Playgrounds get needed assistance
Two efforts to create accessible playgrounds, one in Woodbury and one in Minneapolis, made key steps ahead. The Madison Claire Foundation announced a pledge of $100,000 in matching funds from an anonymous donor to build Madison’s Place, the East Metro’s first inclusive playground. The playground will be truly inclusive so that children of all abilities can play together side-by-side fostering friendships, understanding and acceptance.
“We are so grateful to this donor for their pledge of $100,000,” said Dana Millington, president of the Madison Claire Foundation. “This funding match will provide a major boost to the fundraising efforts for the playground.”
The foundation also entered into a partnership with Landscape Structures Inc., a Delano-based commercial playground manufacturer. Landscape Structures, the playground industry’s thought leader on inclusive play, will supply the playground equipment for Madison’s Place. The company, along with their Minnesota partner Flagship Recreation, is focused on helping communities go beyond providing accessibility to ensuring inclusion. In addition to getting children with limited mobility onto the playground, Landscape Structures engages the social and emotional benefits of a playground to help promote social inclusion between children with and without disabilities.
The playground is to be built in summer 2012. Falls for All, which is planning a universal access playground for the Wabun Picnic area of Minnehaha Falls Park in Minneapolis was approved for $200,000 in funding from the Hennepin County Youth Sports program. The contribution puts Falls for All closer to its goal of a fully accessible and inclusive playground for children (and adults) of all abilities. More than $600,000 has been raised toward the group’s $950,000 goal.
ProAct, Inc. names new board member
ProAct, Inc. has named Deanna (DeDe) Wanzek, a veteran physical therapist and former business owner, to its board of directors. The nonprofit organization serving people with disabilities has a growing program in Hudson, Wis., where Wanzek is employed by Avanti Center. The center, which she helped t found, provides physical, occupational and speech therapy to children and adults with disabilities.
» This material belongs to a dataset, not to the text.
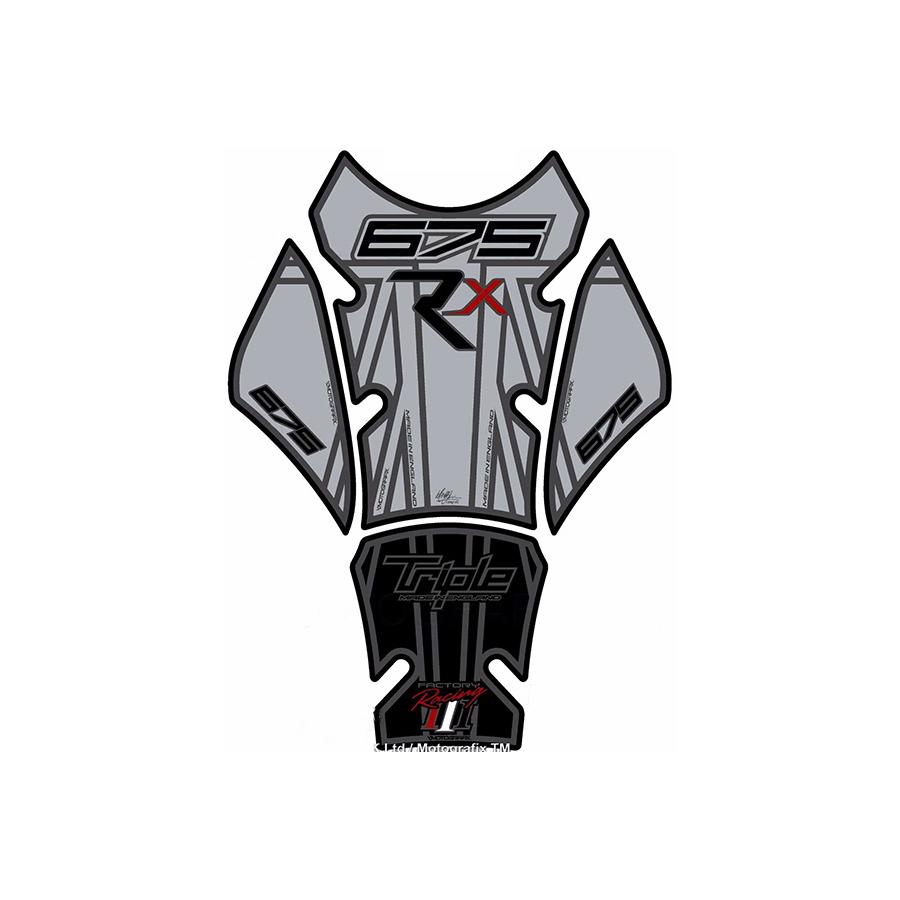 モトグラフィックス タンクパッド グレー STREET TRIPLE 675RX MT-TT023RX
“Many of the Hudson participants are people that I saw as children,” Wanzek said. “It is very interesting to me to see the life cycle– how things were for them when they were children and now how life is for them as adults.”
She is a successful closed head injury survivor, having suffered from a broadside car accident 22 years ago. “I was extremely fortunate. Had he hit the car about three feet more toward the front I probably would not be here.”
Wanzek holds certification as a physical therapist from the Mayo Clinic in Rochester. She is also a pediatric clinical specialist. She teaches at St. Catherine University in St. Paul in the school’s doctorate of physical therapy program.
She and her family live in River Falls, Wisc. ProAct is headquartered in Eagan and maintains additional sites in Red Wing, Zumbrota and Hudson, Wis. It serves individuals experiencing barriers to employment and self-sufficiency due to developmental disabilities, mental health issues, traumatic brain injuries and other conditions.